Storage Allocation Estimates

Figure out the approximate average storage impact your jobs (inputs and outputs) will have and estimate the total storage impact. For processing and analyzing a sample of individual subjects, run 3-5 different subjects’ jobs on Tier 1 and take the largest output and multiply it by the total number of subjects: du -sh --total /subject/output/path

  1. Make the decision of where the processing will take place

    • S3 storage should be used whenever you can. Data is organized by your personal bucket, and you must manage who has permissions and access to your S3 bucket. Every user is allocated 120TB, so space is less of a concern for Tier 2 storage. Size estimates are important for the S3 because you might not have enough space left over in your allocation on the S3. When you make an S3 bucket, please document the data locations on the DCAN Lab Data Locations & Processing Planning doc on the Tier 2 tab.

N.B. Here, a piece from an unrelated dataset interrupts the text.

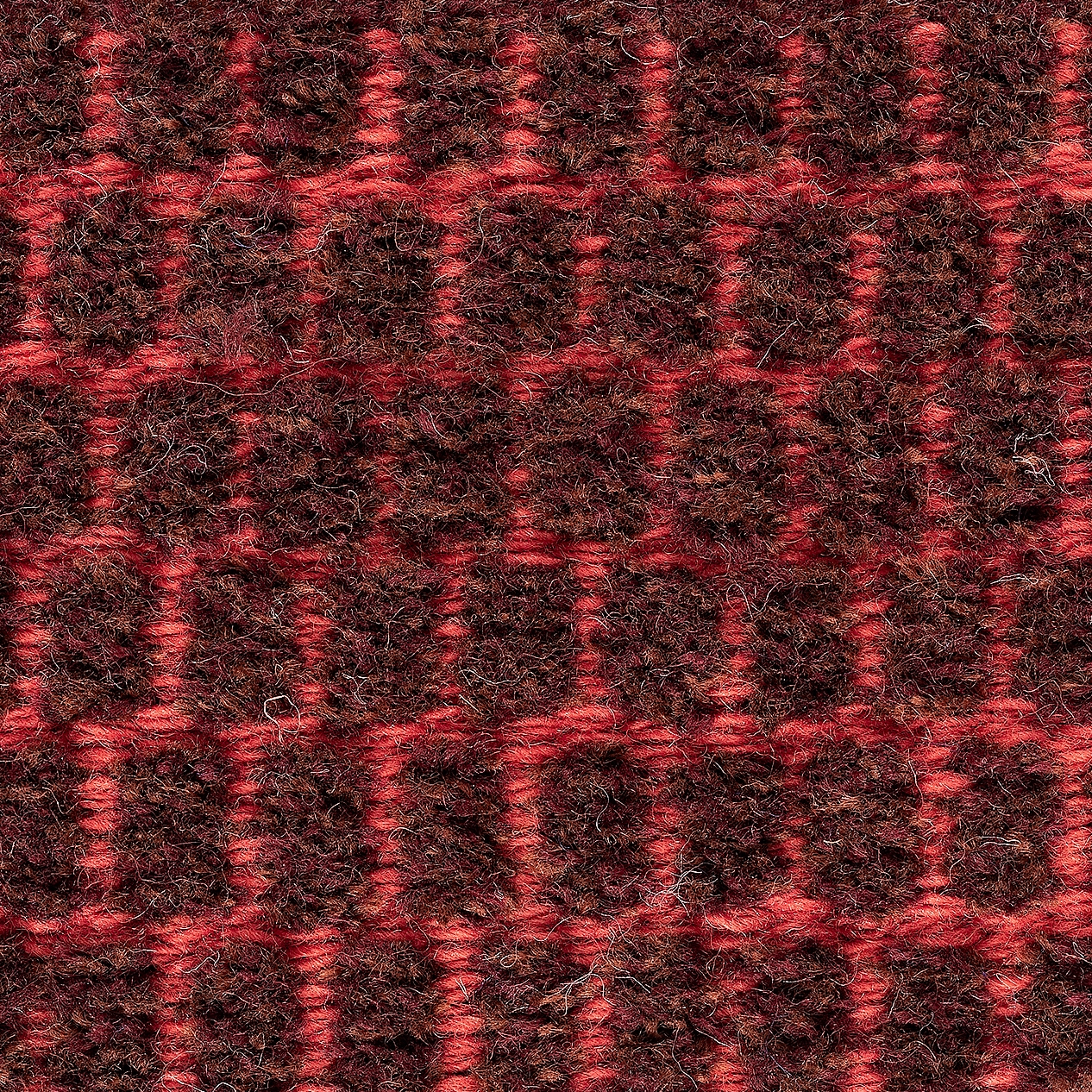 Doris | Cranberry Red 710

    • Tier 1 is for testing. When you will be doing a large Tier 1 processing job (> 1TB), please put your processing plans on the DCAN Lab Data Locations & Processing Planning doc on the Tier 1 tab AND submit a request form about what kinds of data you will be putting onto Tier 1 storage and why Tier 1 is needed, specifically.

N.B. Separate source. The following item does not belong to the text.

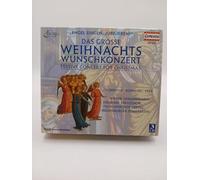 Das Grosse Weihnachts Wunschkonzert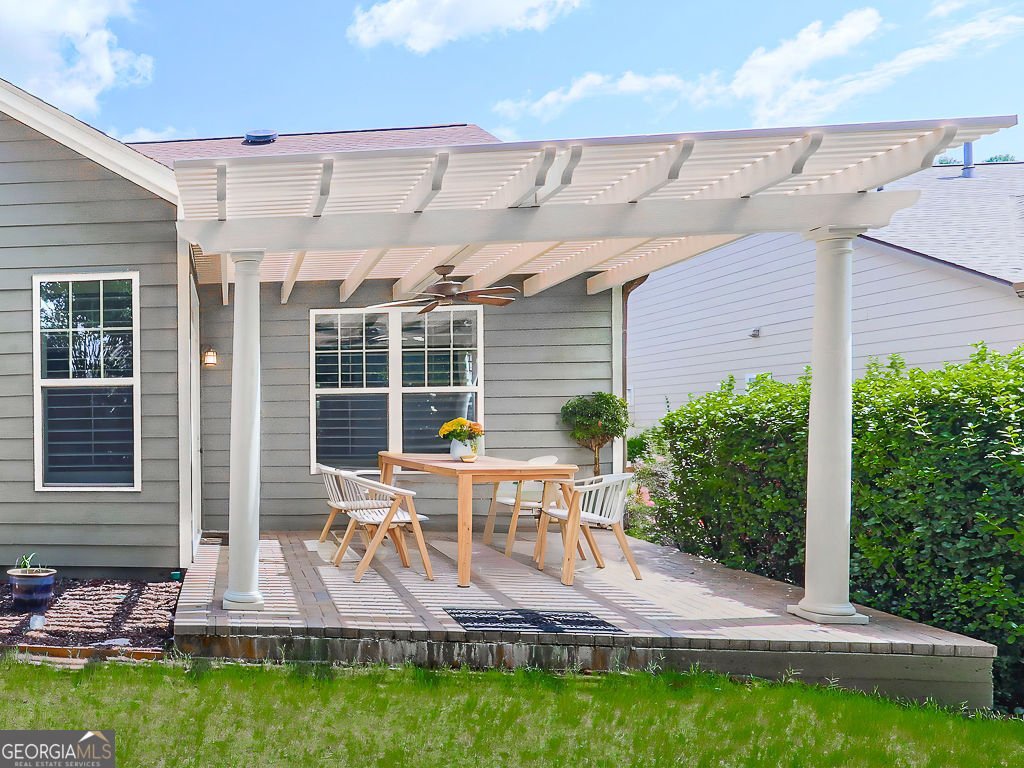 424 Larkspur Drive Canton - Photo 52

  2. Put the input data where it needs to be. This will more than likely always be on the S3.

    • If on the S3, make a bucket and give permissions to the appropriate individuals (see section here), and sync the data there.

    • If on tier 1, fill out the request form (if above 1 TB). Choose your share based on the groupquota of all shares (groupquota -g share_name). Do not put anything related to ABCD on the faird share.

Data Tracking

  • For data being uploaded to tier 1 storage space, document a description of the dataset and a path to where the data lives, an estimate on the amount of space needed to store the data, the share it’s been uploaded to, the primary owner of the data, and the estimated start and end date for use of the necessary storage space to this spreadsheet. For further information on allowable data on each share, visit the “Shares” tab on the above spreadsheet here.
  • For the data being uploaded on the s3, document a description of the data and a path to where the data lives, the project it's associated with, the owner of the s3 bucket, and everyone else who has access to the bucket onto this spreadsheet.

  • For information on backup and versioning procedures, please refer to the Backup and Versioning PowerPoint Presentation.

    TO-DO: in the near future, include what pipeline the dataset was processed with, what version, and the amount of successes/fails and why onto this spreadsheet.

Transfering Data from MSI to Local Storage

Your UMN computer has a local storage space that you may want to use for working on specific files. You can transfer files between local and MSI Tier 1 systems via winSCP or FileZilla.